* [Given records]

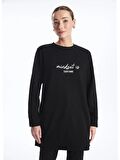 Bisiklet Yaka Baskılı Uzun Kollu Kadın Sweatshirt Tunik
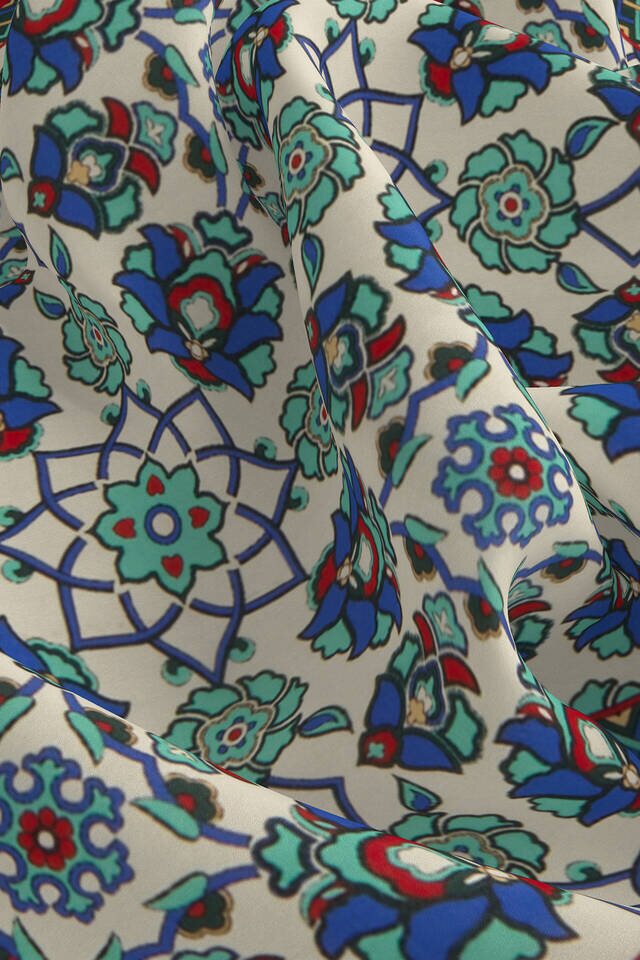 Ecru Green Motif Pattern Silk Pocket Square - 3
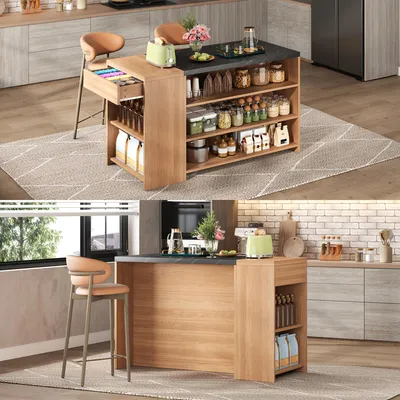 Productafbeelding van Keukeneiland met bartop, 140x60x90 cm, 5 opbergplanken, lade, versterkt tafelblad, eikenhout/zwart marmer.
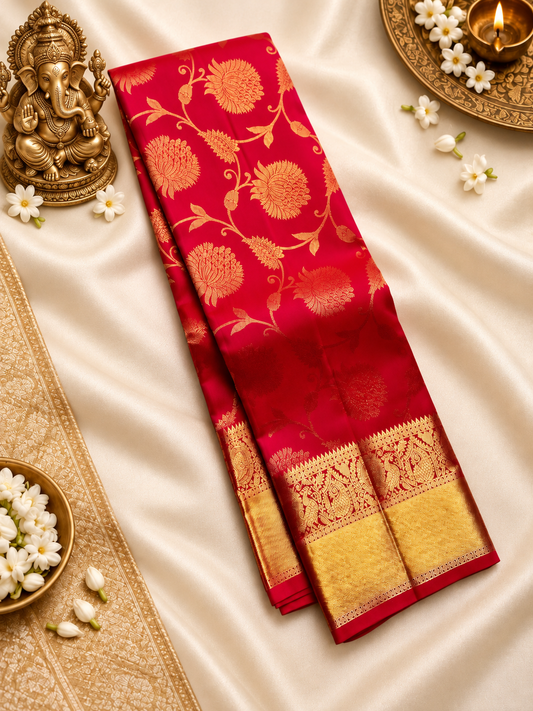 Beautiful Red Handwoven Soft Banarasi Silk Saree with Traditional Peacock Border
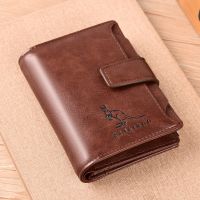 【CC】 Soft Leather Mens Wallet Blocking Coin Purse Business Card Holder Function Male Money Clip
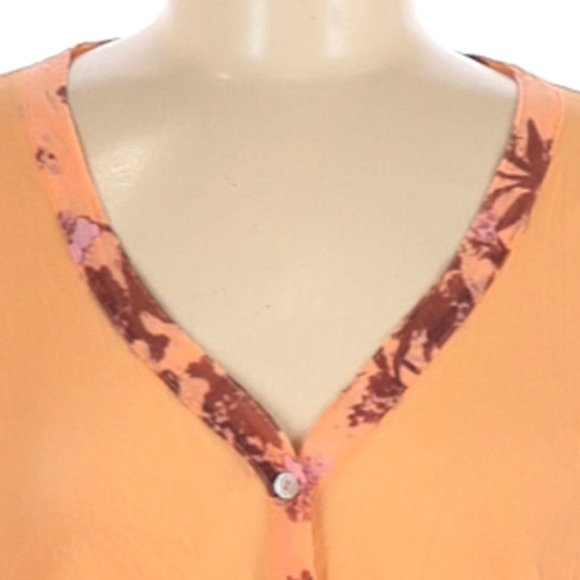 MARC AUREL Cantaloupe Orange w/Pink & Wine 100% Silk Shirt Blouse Size 42 (US 6) - Picture 5 of 6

* [What needs to be done] Only the lines from the one containing "Ecru Green Motif" through the last line of the data belong in the copy, both included and reproduced exactly. Pictures do not.

* [Answer to this problem]
 Ecru Green Motif Pattern Silk Pocket Square - 3
 Productafbeelding van Keukeneiland met bartop, 140x60x90 cm, 5 opbergplanken, lade, versterkt tafelblad, eikenhout/zwart marmer.
 Beautiful Red Handwoven Soft Banarasi Silk Saree with Traditional Peacock Border
 【CC】 Soft Leather Mens Wallet Blocking Coin Purse Business Card Holder Function Male Money Clip
 MARC AUREL Cantaloupe Orange w/Pink & Wine 100% Silk Shirt Blouse Size 42 (US 6) - Picture 5 of 6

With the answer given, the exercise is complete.